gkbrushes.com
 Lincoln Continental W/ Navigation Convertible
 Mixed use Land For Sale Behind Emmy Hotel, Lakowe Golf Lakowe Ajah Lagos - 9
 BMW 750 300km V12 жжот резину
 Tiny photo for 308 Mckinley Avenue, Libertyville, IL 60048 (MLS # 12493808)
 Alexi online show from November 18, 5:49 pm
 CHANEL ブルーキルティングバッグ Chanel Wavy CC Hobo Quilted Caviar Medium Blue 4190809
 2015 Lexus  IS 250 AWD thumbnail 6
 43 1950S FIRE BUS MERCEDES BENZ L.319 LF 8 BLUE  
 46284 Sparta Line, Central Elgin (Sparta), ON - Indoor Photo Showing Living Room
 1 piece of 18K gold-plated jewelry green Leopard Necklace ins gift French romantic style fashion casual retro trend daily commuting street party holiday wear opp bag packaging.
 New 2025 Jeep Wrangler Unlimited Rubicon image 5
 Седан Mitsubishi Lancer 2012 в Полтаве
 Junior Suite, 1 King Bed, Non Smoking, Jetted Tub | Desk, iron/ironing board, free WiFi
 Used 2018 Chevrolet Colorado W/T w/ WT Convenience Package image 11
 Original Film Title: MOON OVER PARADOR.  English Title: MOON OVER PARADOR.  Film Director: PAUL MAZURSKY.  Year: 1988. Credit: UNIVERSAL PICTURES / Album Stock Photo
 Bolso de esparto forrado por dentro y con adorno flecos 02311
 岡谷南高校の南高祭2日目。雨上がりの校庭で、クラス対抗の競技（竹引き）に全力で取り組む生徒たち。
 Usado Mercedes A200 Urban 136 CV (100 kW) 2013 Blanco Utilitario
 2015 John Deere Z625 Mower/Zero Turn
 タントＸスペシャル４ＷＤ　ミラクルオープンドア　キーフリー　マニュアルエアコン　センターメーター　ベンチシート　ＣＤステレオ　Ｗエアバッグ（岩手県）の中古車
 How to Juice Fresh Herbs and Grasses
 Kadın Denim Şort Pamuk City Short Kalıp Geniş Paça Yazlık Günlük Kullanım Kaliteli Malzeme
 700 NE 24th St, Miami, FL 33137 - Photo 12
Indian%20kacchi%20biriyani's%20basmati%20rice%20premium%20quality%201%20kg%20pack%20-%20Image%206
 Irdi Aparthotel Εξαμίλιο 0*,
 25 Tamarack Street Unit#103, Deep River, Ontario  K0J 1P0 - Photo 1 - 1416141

→ **How to complete this task**
Set down exactly, and only, the lines from the one with "How to Juice Fresh Herbs and Grasses" to the final line of the data.

→ **Solved exercise**
 How to Juice Fresh Herbs and Grasses
 Kadın Denim Şort Pamuk City Short Kalıp Geniş Paça Yazlık Günlük Kullanım Kaliteli Malzeme
 700 NE 24th St, Miami, FL 33137 - Photo 12
Indian%20kacchi%20biriyani's%20basmati%20rice%20premium%20quality%201%20kg%20pack%20-%20Image%206
 Irdi Aparthotel Εξαμίλιο 0*,
 25 Tamarack Street Unit#103, Deep River, Ontario  K0J 1P0 - Photo 1 - 1416141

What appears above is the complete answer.